* [WHAT YOU HAVE TO DO]: With the pictures set aside, write out all of the data exactly as it stands.

== DATA EXCERPT

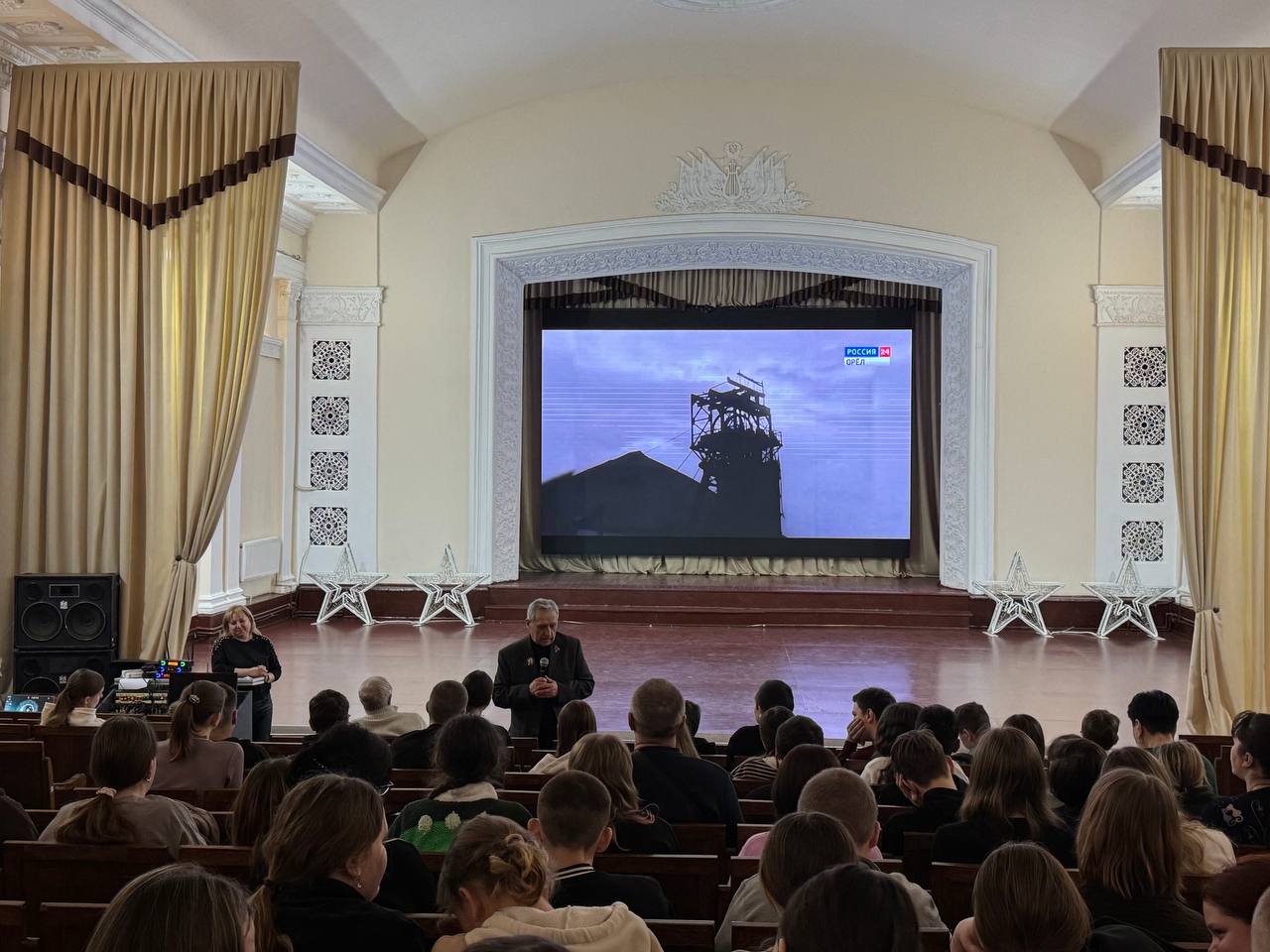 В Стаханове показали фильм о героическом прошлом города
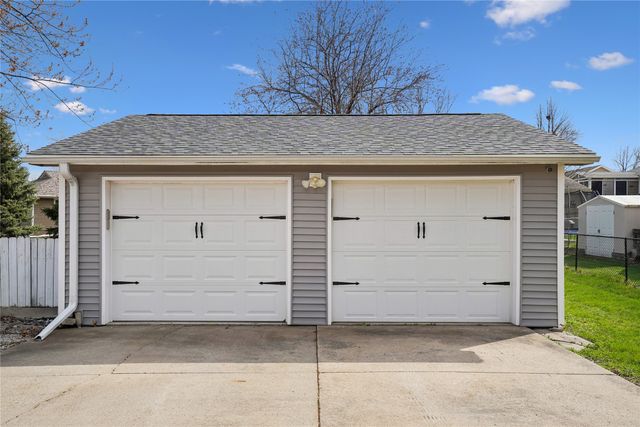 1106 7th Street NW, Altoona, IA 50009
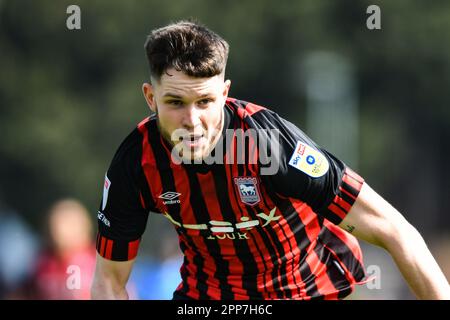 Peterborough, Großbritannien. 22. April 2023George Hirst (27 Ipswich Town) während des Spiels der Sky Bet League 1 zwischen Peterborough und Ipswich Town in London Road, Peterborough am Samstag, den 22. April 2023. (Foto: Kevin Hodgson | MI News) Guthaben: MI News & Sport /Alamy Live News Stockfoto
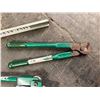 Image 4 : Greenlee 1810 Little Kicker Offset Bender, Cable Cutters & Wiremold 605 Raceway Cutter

====

* [SOLUTION FOR THIS PROBLEM]:
 В Стаханове показали фильм о героическом прошлом города
 1106 7th Street NW, Altoona, IA 50009
 Peterborough, Großbritannien. 22. April 2023George Hirst (27 Ipswich Town) während des Spiels der Sky Bet League 1 zwischen Peterborough und Ipswich Town in London Road, Peterborough am Samstag, den 22. April 2023. (Foto: Kevin Hodgson | MI News) Guthaben: MI News & Sport /Alamy Live News Stockfoto
 Image 4 : Greenlee 1810 Little Kicker Offset Bender, Cable Cutters & Wiremold 605 Raceway Cutter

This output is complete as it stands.